There are numerous ways to incentivize consumers to alter their behavior.
The supermarket chain Whole Foods, which has three stores in Rhode Island, ended its use of plastic checkout bags in 2008. Inexpensive reusable bags are located prominently at every checkout counter and paper bags made from 100 percent post-consumer content are also available. Most people who shop there have gradually learned to bring their own bags.
However, we can’t expect individual retail establishments to have this same level of commitment to sustainability that Whole Foods has. We need policy coupled with a social-marketing campaign to make this happen. And in a state that prides itself on its cultural and aesthetic landscape to keep its tourist industry booming, as well as one that is blessed with ocean resources, a legislative effort to reduce plastic bags would be highly beneficial.
Also, plastic bags are not manufactured in Rhode Island so the ban wouldn’t affect a local industry.

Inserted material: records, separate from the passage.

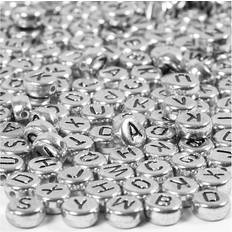 Creativ Company Letter Beads, D 7 mm, hole size 1,2 mm, silver, 21 g/ 1 pack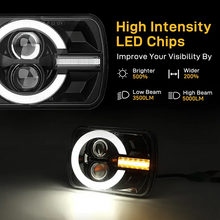 Pair 5x7'' 7x6'' LED Headlights High/Low Beam w/ Turn Signal + DRL for Jeep Wrangler YJ Cherokee XJ ATV UTV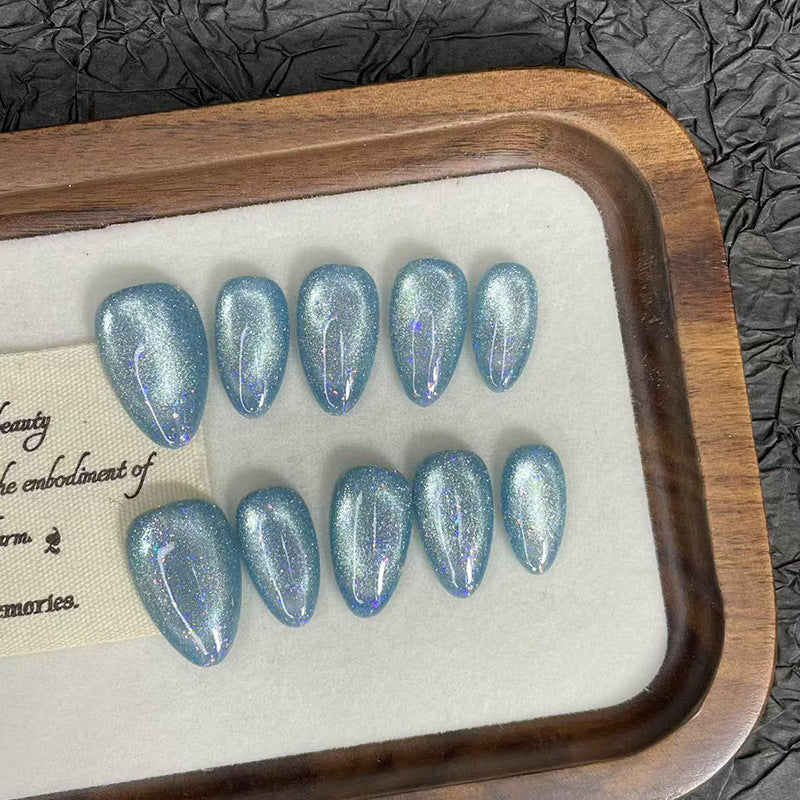 Icy Blue Velvet Cat Eye Almond Press-on Nails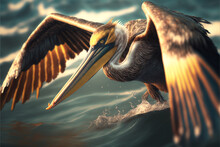 Close Up Of A Pelican Flying At Sea Level, GENERATIVE AI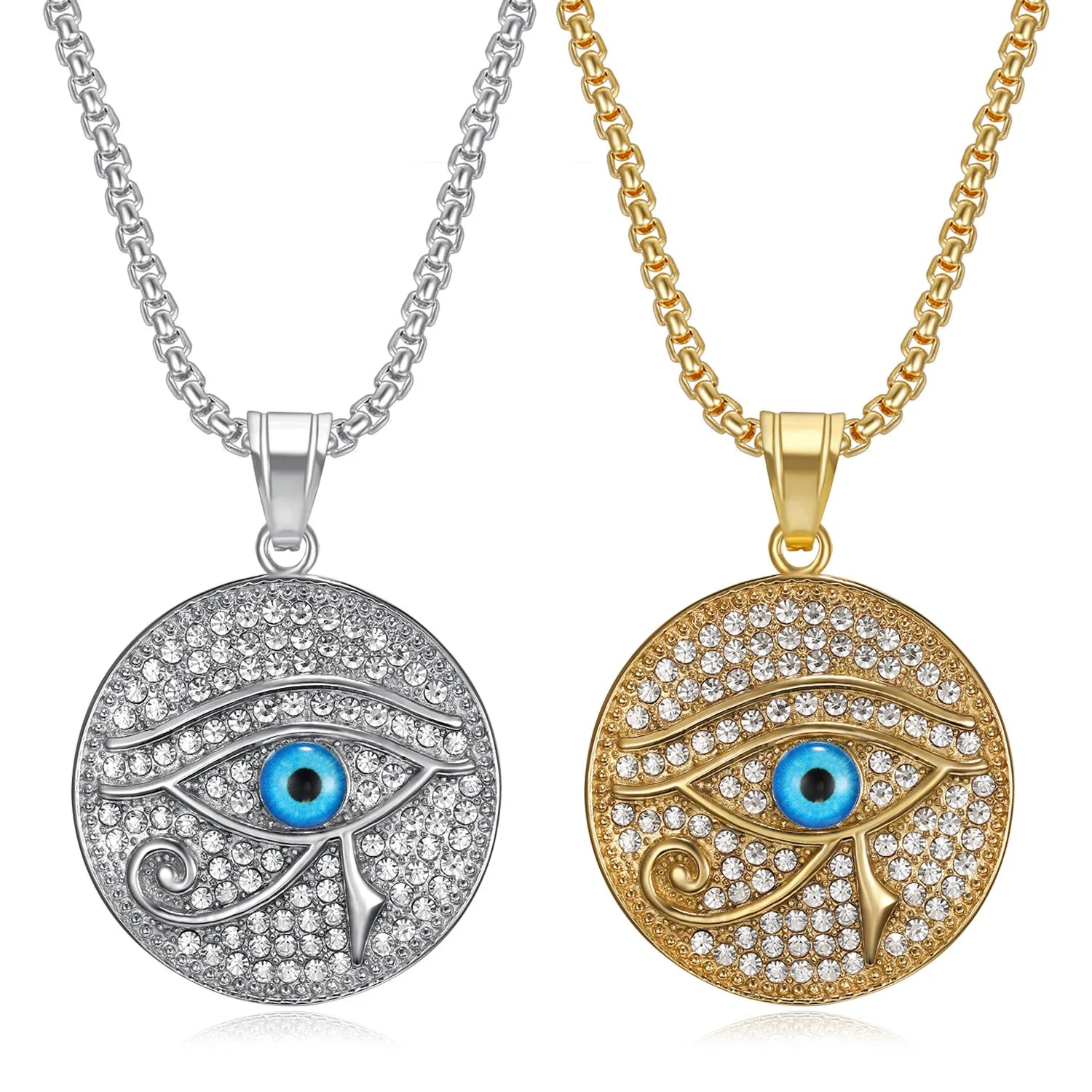 Vintage Stainless Steel Eye of Horus Pendant Necklace for Men Women Hip Hop Full Zircon Chain Trendy Amulet Jewelry Gift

Indeed, the ban could have the effect of creating jobs and industry. Years ago I bought a great reusable bag at Grapes & Gourmet. This bag, which I’ve used for years, is called SmartCycle and is made from recycled plastic bottles. With the high unemployment in Rhode Island, why aren’t we manufacturing, purchasing and using locally made reusable bags? Think of the opportunities passing a ban on plastic checkout bags would create for local entrepreneurs and the currently unemployed.
Not to mention the benefits a plastic-bag ban would have on our water, landfill, coast and on present and future generations. I hope Rep. Ruggiero, who is an outstanding leader in environmental conservation and protection, will work with Reps. Cimini, Ajello, Handy, Bennett and Ferri, who introduced H. 5403 (“An Act Relating to Health and Safety – Plastic Waste Reduction”) to find the best solutions.